Had to be at hospital 0900 today.  Prep was minimal.  first step was to strip down to nothing and remove a wedding band that is now smaller than my knuckle.   Tests for blood sugar (I'm diabetic), blood pressure, and insert IV which took 4 tries.

A visit from the anestesiologist, and then my urologist. I asked him if I could give him some words of encouragement and he said sure.  I said, "Brian, don't f*ck up my dick"!  He gave me a hearty laugh. 

surgery was scheduled for 1200 and by 12-7 they wheeled me out of prep room towards OR, but I don't think I ever saw it.

I woke up at1445.  Groggy as hell and with strong discomfort inside the end of my penis.with catheter inserted.  I got some pain killers, antibiotics, and anti-bladder spasm meds as well as some coaching on emptying the bag.  
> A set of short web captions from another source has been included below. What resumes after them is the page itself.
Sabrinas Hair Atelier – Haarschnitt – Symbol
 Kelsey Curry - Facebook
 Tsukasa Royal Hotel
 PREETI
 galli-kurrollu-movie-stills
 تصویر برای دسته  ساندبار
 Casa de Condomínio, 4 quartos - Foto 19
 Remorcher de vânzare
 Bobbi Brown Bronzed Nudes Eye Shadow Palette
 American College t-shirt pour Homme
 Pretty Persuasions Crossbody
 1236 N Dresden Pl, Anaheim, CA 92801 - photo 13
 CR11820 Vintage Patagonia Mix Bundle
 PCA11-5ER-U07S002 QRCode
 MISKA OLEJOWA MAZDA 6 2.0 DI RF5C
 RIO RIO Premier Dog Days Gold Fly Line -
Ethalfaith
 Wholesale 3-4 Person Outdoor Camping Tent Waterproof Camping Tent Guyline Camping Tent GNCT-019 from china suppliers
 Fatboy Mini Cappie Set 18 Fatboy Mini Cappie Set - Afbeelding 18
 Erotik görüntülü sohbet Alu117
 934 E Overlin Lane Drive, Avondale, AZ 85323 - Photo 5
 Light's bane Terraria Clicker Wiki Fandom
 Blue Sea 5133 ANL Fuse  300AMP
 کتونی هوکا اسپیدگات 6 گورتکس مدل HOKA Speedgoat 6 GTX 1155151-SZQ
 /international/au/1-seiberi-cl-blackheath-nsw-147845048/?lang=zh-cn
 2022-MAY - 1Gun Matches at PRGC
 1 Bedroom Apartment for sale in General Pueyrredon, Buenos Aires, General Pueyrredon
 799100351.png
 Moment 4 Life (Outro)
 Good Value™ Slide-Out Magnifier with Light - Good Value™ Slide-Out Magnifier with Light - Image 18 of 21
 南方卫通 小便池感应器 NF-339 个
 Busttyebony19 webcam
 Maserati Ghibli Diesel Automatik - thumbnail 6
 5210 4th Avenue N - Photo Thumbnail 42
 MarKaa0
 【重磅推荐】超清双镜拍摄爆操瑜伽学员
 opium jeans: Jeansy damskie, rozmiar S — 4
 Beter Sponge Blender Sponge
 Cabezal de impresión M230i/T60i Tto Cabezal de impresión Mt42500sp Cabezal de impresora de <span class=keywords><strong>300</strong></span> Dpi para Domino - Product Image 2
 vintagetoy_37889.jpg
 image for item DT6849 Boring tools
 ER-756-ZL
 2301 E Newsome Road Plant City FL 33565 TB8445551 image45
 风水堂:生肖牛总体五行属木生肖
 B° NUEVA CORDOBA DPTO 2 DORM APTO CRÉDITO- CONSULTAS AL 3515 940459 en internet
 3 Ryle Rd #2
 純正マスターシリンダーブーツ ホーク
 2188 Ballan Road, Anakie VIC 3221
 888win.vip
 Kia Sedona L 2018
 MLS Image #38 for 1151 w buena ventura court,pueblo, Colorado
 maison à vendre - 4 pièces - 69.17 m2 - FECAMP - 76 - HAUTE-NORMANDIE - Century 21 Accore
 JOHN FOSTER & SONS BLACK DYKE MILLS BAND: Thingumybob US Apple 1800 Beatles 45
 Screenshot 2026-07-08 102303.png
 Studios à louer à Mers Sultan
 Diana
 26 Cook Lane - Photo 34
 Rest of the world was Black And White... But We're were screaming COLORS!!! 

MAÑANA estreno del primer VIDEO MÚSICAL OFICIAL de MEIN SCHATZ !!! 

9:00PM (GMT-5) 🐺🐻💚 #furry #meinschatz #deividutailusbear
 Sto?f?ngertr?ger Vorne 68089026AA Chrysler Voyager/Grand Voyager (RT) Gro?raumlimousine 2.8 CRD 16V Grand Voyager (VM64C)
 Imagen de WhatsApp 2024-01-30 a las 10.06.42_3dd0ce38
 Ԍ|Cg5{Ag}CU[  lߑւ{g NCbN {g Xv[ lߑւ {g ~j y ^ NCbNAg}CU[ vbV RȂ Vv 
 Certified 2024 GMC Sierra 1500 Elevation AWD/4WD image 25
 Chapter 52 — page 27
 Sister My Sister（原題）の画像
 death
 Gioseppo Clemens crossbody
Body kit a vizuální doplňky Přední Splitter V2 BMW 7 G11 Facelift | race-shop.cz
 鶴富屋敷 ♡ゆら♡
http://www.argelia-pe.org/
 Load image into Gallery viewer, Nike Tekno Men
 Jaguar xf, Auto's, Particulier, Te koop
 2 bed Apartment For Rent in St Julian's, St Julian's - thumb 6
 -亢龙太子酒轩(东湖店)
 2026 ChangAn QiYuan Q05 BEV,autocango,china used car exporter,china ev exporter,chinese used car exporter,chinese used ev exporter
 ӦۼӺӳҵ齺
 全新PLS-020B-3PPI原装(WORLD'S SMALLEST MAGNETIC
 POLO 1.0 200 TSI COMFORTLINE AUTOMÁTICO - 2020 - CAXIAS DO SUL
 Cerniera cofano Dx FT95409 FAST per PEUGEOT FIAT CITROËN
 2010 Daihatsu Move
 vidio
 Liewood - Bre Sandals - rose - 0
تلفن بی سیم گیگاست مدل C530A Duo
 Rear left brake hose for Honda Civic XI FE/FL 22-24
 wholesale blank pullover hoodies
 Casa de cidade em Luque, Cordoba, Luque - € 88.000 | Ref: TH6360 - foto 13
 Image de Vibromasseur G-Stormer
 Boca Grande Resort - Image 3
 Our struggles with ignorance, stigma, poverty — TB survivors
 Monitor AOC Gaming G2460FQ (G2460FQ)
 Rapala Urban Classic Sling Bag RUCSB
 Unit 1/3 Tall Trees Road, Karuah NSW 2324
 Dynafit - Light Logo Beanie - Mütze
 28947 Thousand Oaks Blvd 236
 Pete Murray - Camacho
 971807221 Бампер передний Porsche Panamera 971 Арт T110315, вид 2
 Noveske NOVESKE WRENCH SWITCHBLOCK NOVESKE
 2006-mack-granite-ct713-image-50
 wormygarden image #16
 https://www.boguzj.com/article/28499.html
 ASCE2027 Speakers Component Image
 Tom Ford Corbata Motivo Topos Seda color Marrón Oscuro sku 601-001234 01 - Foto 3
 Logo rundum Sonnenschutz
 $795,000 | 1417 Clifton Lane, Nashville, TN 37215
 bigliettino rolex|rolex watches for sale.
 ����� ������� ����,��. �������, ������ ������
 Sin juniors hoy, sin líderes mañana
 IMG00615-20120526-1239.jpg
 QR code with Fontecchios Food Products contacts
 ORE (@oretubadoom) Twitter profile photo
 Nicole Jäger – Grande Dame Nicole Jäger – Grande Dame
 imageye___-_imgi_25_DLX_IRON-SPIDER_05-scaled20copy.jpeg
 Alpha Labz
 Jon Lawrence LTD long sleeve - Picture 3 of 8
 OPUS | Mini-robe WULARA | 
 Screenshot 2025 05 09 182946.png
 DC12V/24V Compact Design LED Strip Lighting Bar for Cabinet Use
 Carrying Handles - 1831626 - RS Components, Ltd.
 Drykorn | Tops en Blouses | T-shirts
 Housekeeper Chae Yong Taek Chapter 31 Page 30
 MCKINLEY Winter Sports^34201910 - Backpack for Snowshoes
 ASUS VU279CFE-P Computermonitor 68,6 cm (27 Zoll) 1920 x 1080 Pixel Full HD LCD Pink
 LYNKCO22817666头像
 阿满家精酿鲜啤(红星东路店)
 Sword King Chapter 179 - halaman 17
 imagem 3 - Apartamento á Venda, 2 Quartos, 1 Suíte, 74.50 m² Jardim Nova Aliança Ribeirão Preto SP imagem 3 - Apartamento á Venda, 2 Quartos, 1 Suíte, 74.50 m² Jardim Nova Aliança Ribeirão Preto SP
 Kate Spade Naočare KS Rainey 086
The nurse also secured the cath line to my inner thigh so that a tug on the main line wouldn't pull on the line into the penis.  There is not enough lead there and sitting on toilet promotes a pull of it's own.  Can't adjust it because there is a hard plastic connector in the line right there; so no alternative but to leave it be.

Was in the car at 1700  to go home just in time for horrific Atlanta traffic and took 1.5 hours to go 25 miles.

It's 2100 now and am getting used to the feeling of the cath in my trouser worm.  It's very uncomfortable but sensation pain has gone from about a 5 to a 2 or 3.  Bag has been emptied once but needs to be done again before I turn it.  Ate some dinner, a small pasta with broth and an egg around 1930.  Trying to drink plenty of water as advised.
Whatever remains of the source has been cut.